# Flower Combinations



## Ceewah (Mar 17, 2015)

while planting flowers in Animal Crossing New Leaf, putting too many of the same flower in one area doesn't look great, so I tend to combine different flower types and colors to create an interesting effect.

My personal favorites are:
Pink tulips and blue pansies (Great for Re-Tail)
Yellow tulips and blue pansies
White and purples violets with white cosmos
Orange lilies and yellow violets
White lilies and pink lilies
Pink roses and purple roses
Red roses and Orange pansies
Orange roses and white carnations
Any black flower and any red or purple flower

I have yet to find and combinations with cosmos 

What are some of your favorites?


----------



## peachesandicecream (Mar 17, 2015)

One of my favorites is Pink cosmos Black Lilly's and Purple tulips it has a rustic feel


----------



## Tokage (Mar 17, 2015)

I recently realized how much I like orange roses together with purple roses after I visited a friend's dream address. She had them planted all throughout her town. I'm not really sure why but they just go together very nicely if you ask me.  

I also think blue roses with white carnations could look pretty neat too.


----------



## Stacie (Mar 17, 2015)

For different types of flowers together I like:


Black roses, purple pansies and pink roses
Yellow pansies, yellow roses and yellow violets
Blue pansies, blue roses, blue violets
White pansies, purple roses, purple violets


----------



## Snazzapple (Mar 17, 2015)

I like how the purple roses go with white carnations; orange roses and white roses makes the orange shade look different; orange cosmos and black roses; blue pansies and purple roses; and just a cluster of the same color looks good to me.


----------



## roseflower (Mar 17, 2015)

I like these combinations - purple pansy and white pansy
                                  - pink lily and white lily
                                  - white rose, red rose and pink rose
                                  - purple tulip, orange tulip and white tulip
                                  - yellow, white and pink flowers
                                  - white, orange flowers and gold roses
                                  - white cosmos and orange cosmos 
                                  - white carnatian and jacob's ladder


----------



## pwincess (Mar 18, 2015)

white and purple violets with some white lilies


----------



## Silversea (Mar 18, 2015)

Blue and white pansies work well together I think.

So do white and purple violets, pink lily and white lily, and Jacob's ladder with blue violets.


----------



## JJarmon (Mar 18, 2015)

White carnations, red carnations, and jacob ladders for me!

I'm still trying to figure out what are some good colour combinations for my town.


----------



## agscribble (Mar 18, 2015)

I think white carnations look classy with anything.

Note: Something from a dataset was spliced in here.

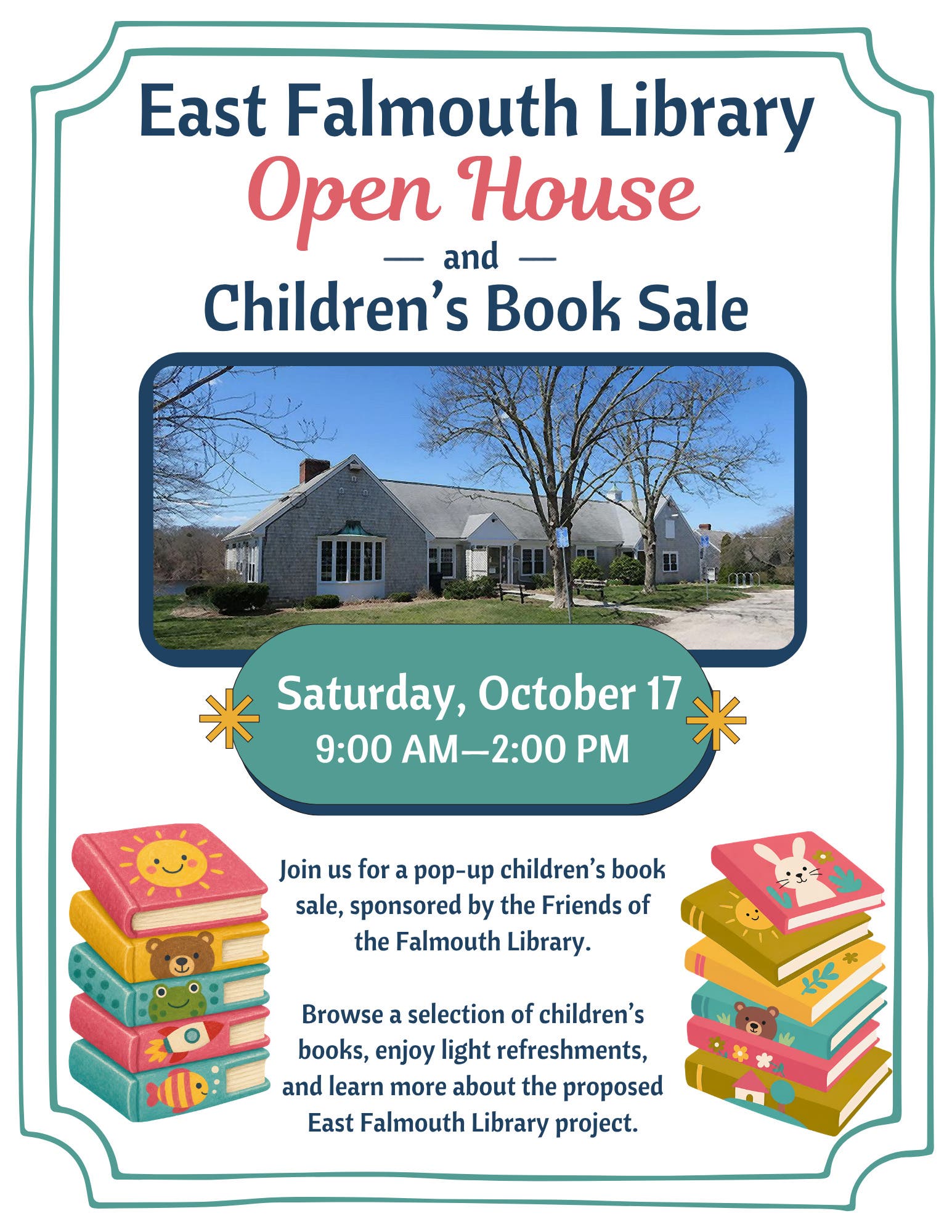 East Falmouth Library Open House and Children's Book Sale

Currently, my main flower combo is blue pansies with blue and purple violets in a line pattern. Then I outlined paths, water, and buildings with white roses and tulips. I plan to switch out the roses with carnations when I have time to breed them.

I do really like red, pink, orange combos. I visited a really pretty dream town that had carnations and tulips at sunset. That looked really nice.


----------



## MayorDarryn (Mar 18, 2015)

In my opinion, White Cosmos match basically everything.
Atleast 40% of all my flower combinations have some number of white cosmos. 
One of my favorite combinations is Pink Carnations, Yellow Roses and White Cosmos. 
As well as Black tulips, Gold roses, and White lilies. It looks really good near my cafe ;v;


----------



## Classygirl (Mar 18, 2015)

I am terrible at knowing how to hybrid other than the simple ones that come with same or similar types of same or different color together. Once I get like a purple rose, or orange or pink carnation I don't know what to do to get the harder ones. I had someone nicely gift me a gold rose in my original town and I only have one, am not sure how to make anything of it, I am sure there is a board on this, if so can someone point me to it? Thanks.


----------



## Arabelle (Mar 18, 2015)

I used all kinds of different combinations when I landscaped my town xD  but in general, I think white flowers can match any other color flowers in a combination c: 

Color scheme wise I used a lot of white + purple + blue, or pink+purple+white to match fairy tale stuff..  
hmm pink carnation + white rose is cute (I have it by illuminated heart in my town).  Pink lilies and blue violets look good (used it by my train station & fairy clock)  pink + black roses by Muffy's house to match her house exterior.. oh, pink tulips + white and pink lilies look pretty cute too.  In front of my cafe I mixed all purple pansies/blue pansies/ purple violets / white cosmos/ blue roses.. I really likce it c:   like I said, a lot of different combinations xD..


----------



## Kittilicious (Mar 18, 2015)

Red carnations and white carnations all the way 

I also really like black tulips and pink tulips.


----------



## Imbri (Mar 18, 2015)

Classygirl said:


> I am terrible at knowing how to hybrid other than the simple ones that come with same or similar types of same or different color together. Once I get like a purple rose, or orange or pink carnation I don't know what to do to get the harder ones. I had someone nicely gift me a gold rose in my original town and I only have one, am not sure how to make anything of it, I am sure there is a board on this, if so can someone point me to it? Thanks.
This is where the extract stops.